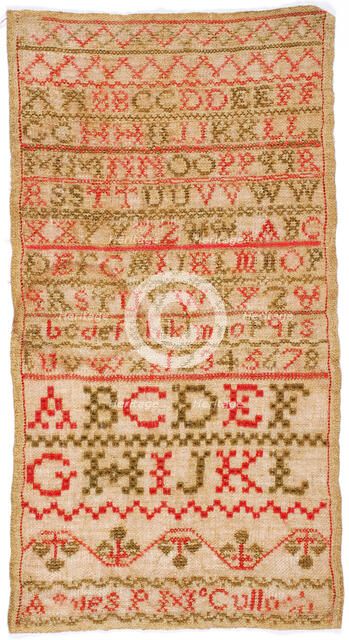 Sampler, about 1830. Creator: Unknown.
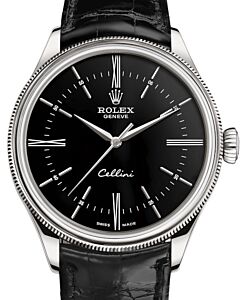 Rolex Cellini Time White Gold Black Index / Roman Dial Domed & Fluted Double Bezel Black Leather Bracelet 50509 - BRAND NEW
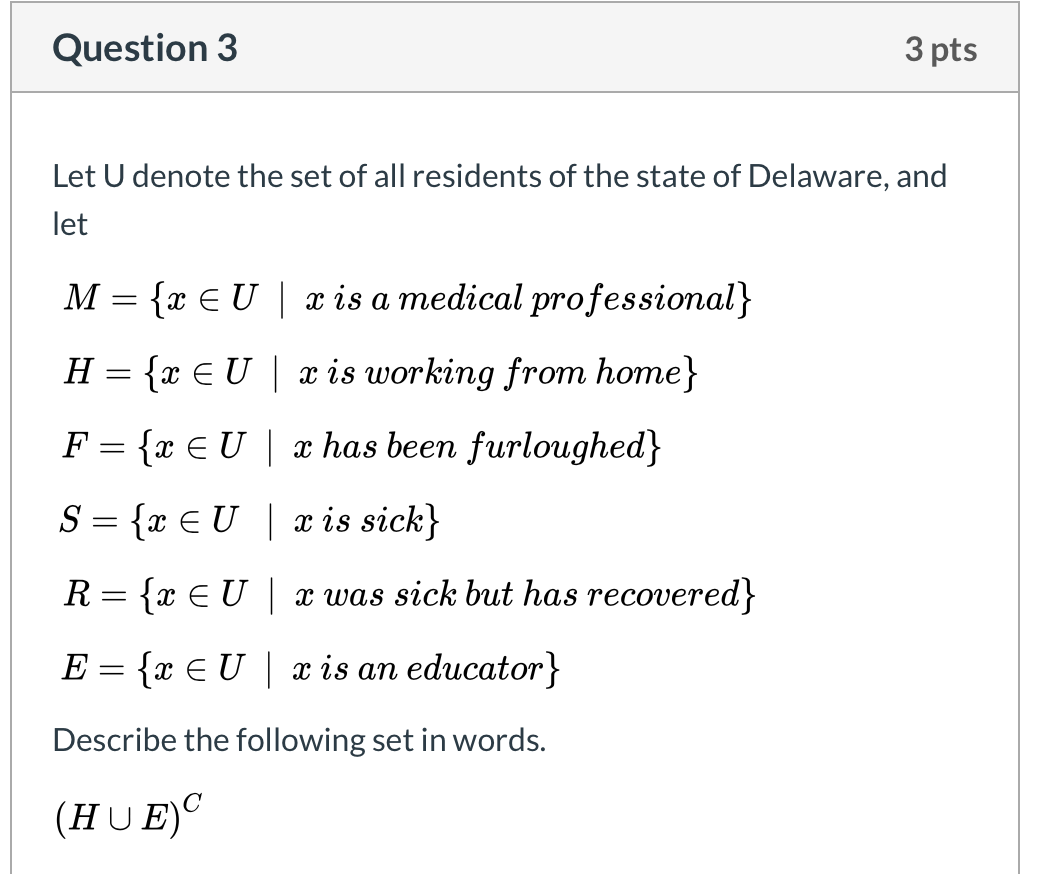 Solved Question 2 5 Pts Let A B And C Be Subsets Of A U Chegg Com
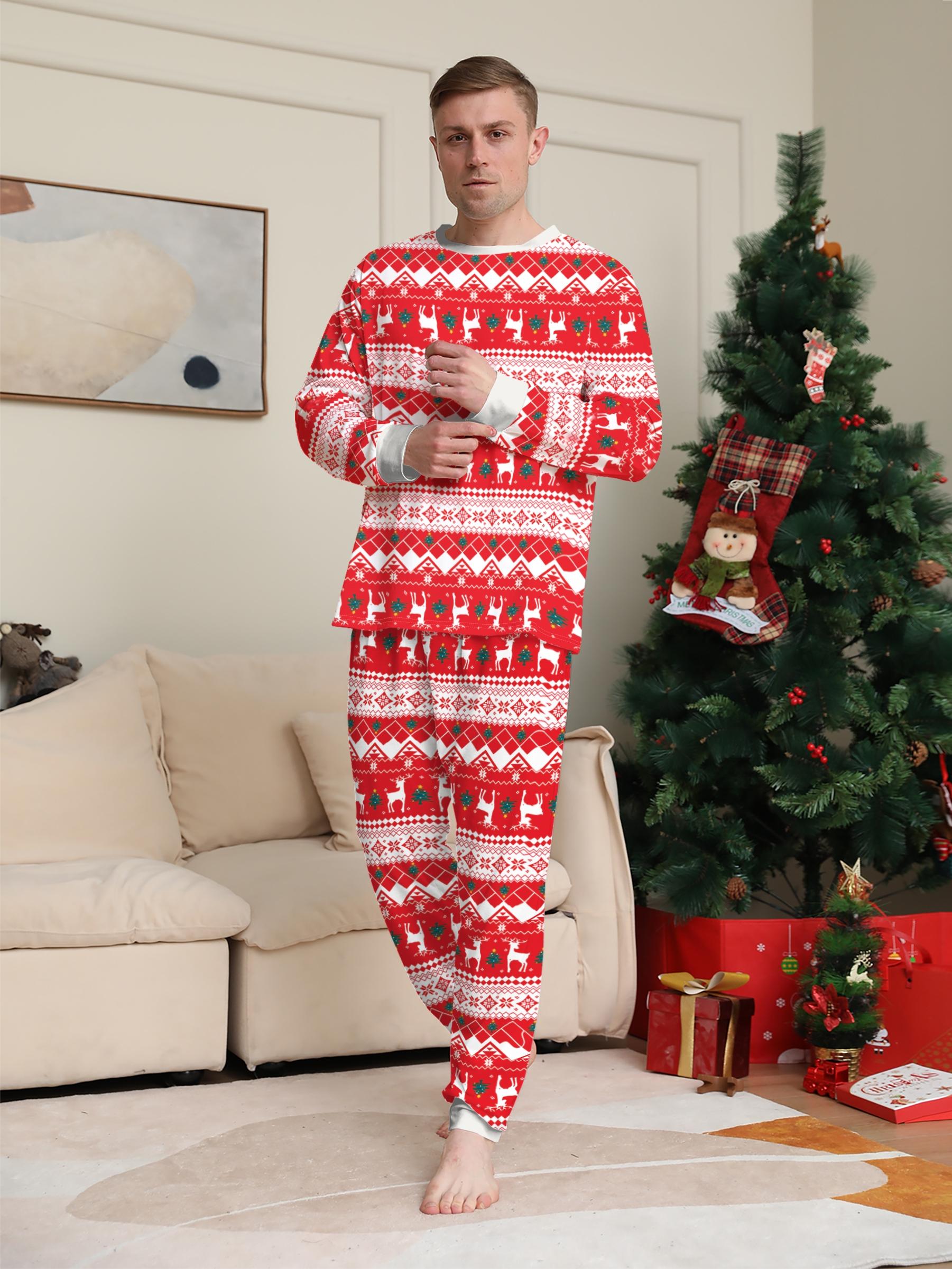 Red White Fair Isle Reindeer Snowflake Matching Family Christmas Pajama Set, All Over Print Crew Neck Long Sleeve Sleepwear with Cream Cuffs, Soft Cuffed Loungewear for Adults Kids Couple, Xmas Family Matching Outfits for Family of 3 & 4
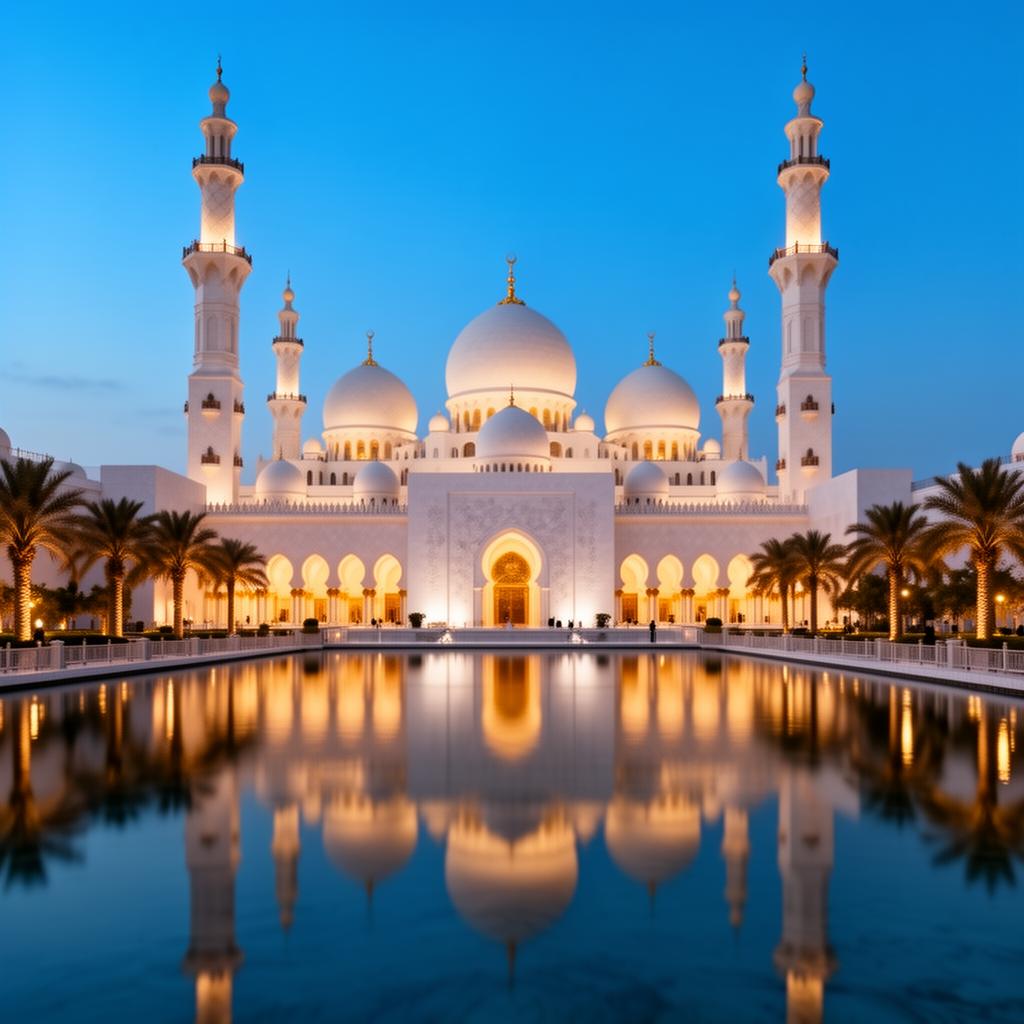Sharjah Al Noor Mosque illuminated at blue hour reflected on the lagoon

--- --- ---

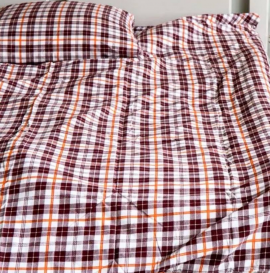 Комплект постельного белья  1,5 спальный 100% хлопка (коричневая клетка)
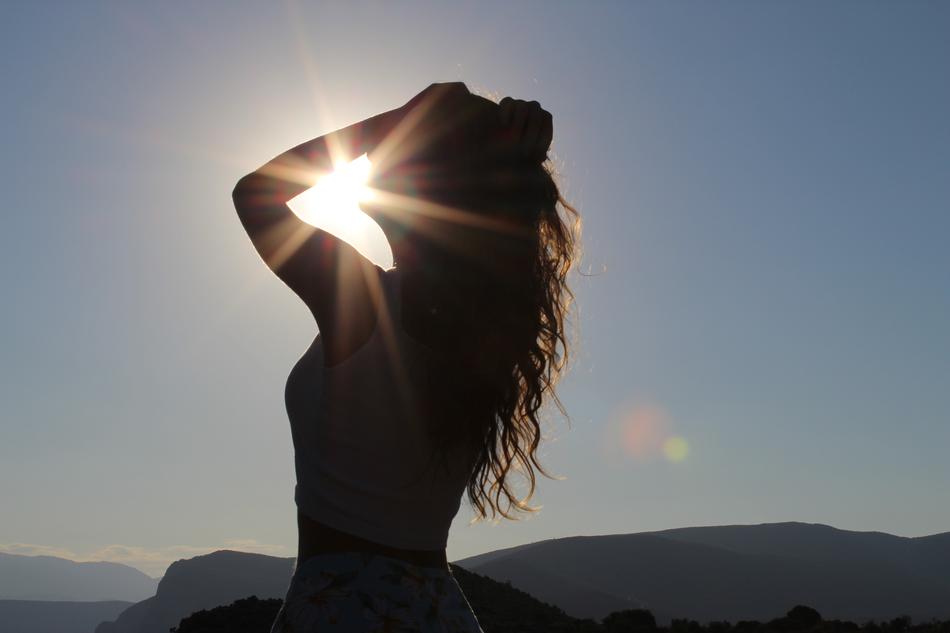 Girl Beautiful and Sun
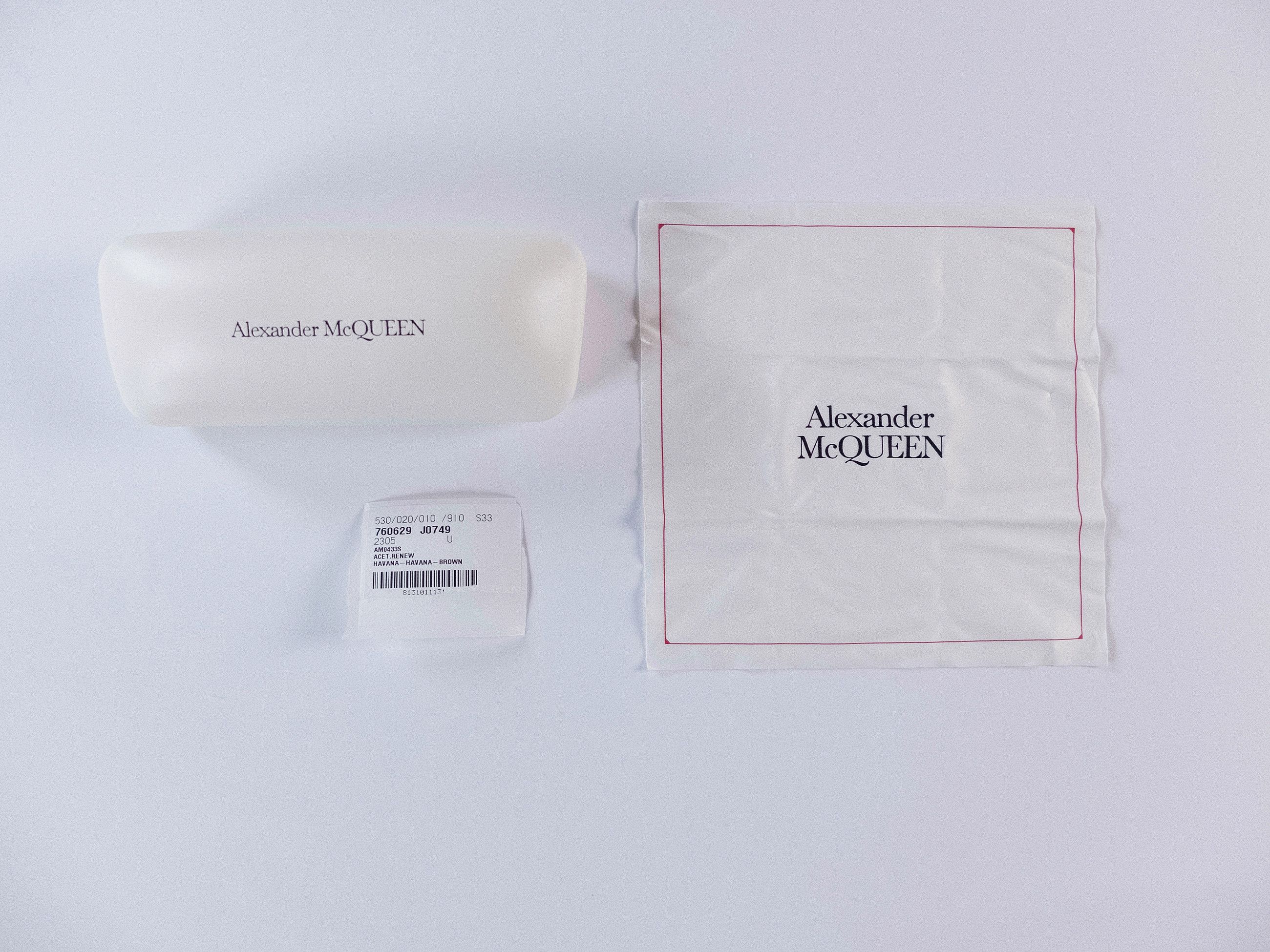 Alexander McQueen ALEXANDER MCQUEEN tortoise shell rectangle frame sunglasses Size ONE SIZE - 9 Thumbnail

--- --- ---

All pictures are to be skipped. Output, word for word, the lines in the data above starting at the line containing "Girl Beautiful and Sun" and ending at the line containing "Alexander McQueen ALEXANDER".

== Answer to this exercise ==
 Girl Beautiful and Sun
 Alexander McQueen ALEXANDER MCQUEEN tortoise shell rectangle frame sunglasses Size ONE SIZE - 9 Thumbnail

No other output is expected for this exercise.